Non so perché sia avvenuto e non so se sia una coincidenza, ma sembrano quasi due interpretazioni libere sullo stesso tema, come se due autori avessero risposto a un bando che chiedeva di trattare un tema specifico. A grandi linee potrebbe essere: “Alle radici del cinema, la rivoluzione narrativa ed espressiva di una novità tecnologica che ha cambiato per sempre l’immaginazione artistica”. Seriamente, qualcuno più informato di me è in grado di dirmi se è un caso o no? A me sembra davvero degno di nota che nello stesso anno escano due film così.

Che vengano o no da un unico ispiratore o da un’occasione comune, sono due prove di altissimo livello. Trovo giusto il premio a The Artist per l’idea, l’originalità e il coraggio dimostrati: nel 2012 è una gran cosa vincere anche al botteghino con un film muto. Ma l’immersione nel mondo di Hugo Cabret è una di quelle esperienze da cinema che, per una volta, sfrutta al meglio le possibilità del 3D.
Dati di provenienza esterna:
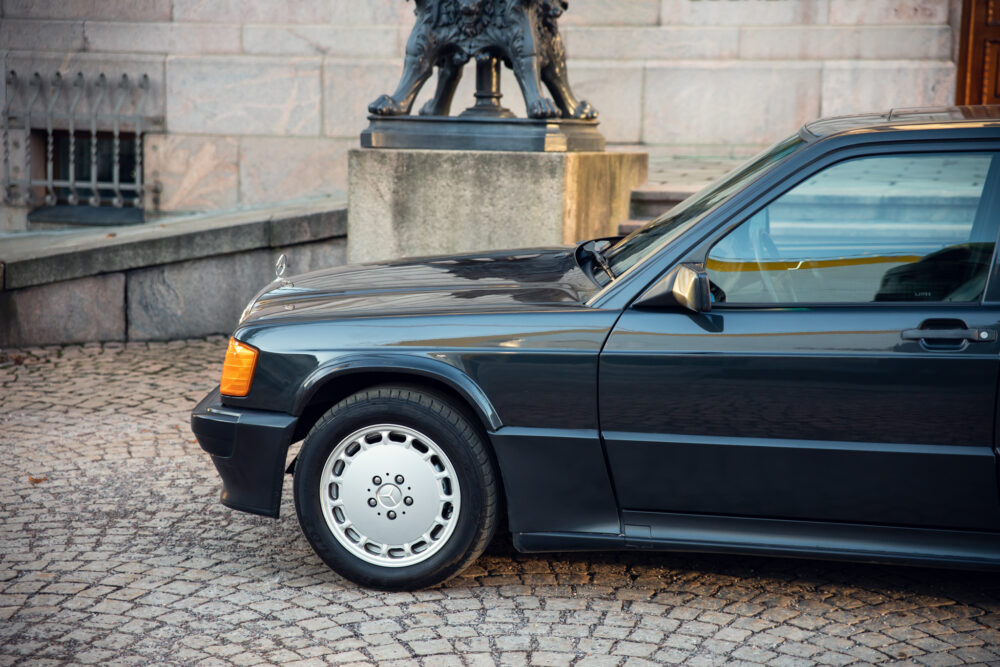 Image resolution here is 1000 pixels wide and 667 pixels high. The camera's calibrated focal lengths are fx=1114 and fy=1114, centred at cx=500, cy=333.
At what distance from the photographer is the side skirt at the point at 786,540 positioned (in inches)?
141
Non voglio parlare nel dettaglio degli elementi comuni ai due film perché non potrei evitare di raccontarli, ma sono tanti. In sintesi si potrebbe dire che il cinema, ormai superato e metabolizzato il traguardo dei cent’anni, ha sentito il bisogno di tornare alle radici. Non per un’operazione nostalgia, ma per riappropriarsi di una dimensione originaria del fare cinema che rischia di perdersi. Gaudì diceva che essere originali significa tornare alle origini: questi due film sono originali in questo senso.
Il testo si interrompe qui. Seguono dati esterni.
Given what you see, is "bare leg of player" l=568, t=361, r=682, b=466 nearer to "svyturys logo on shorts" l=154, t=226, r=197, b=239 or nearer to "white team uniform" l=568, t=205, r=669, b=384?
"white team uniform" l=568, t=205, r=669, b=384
A proposito di Hugo Cabret dico solo che da ammiratore di Houdini sono davvero contento di aver scoperto che alle origini del cinema c’è un illusionista come Georges Méliès. A proposito di The Artist dico invece che sono contento di vedere quanto la sola immagine in movimento è in grado di esaltare le doti di un buon regista e quanto è ancora in grado di incantare il pubblico: ci voleva questa boccata di aria pura. Ora però vorrei vedere un film muto ambientato ai giorni nostri. Per me spacca.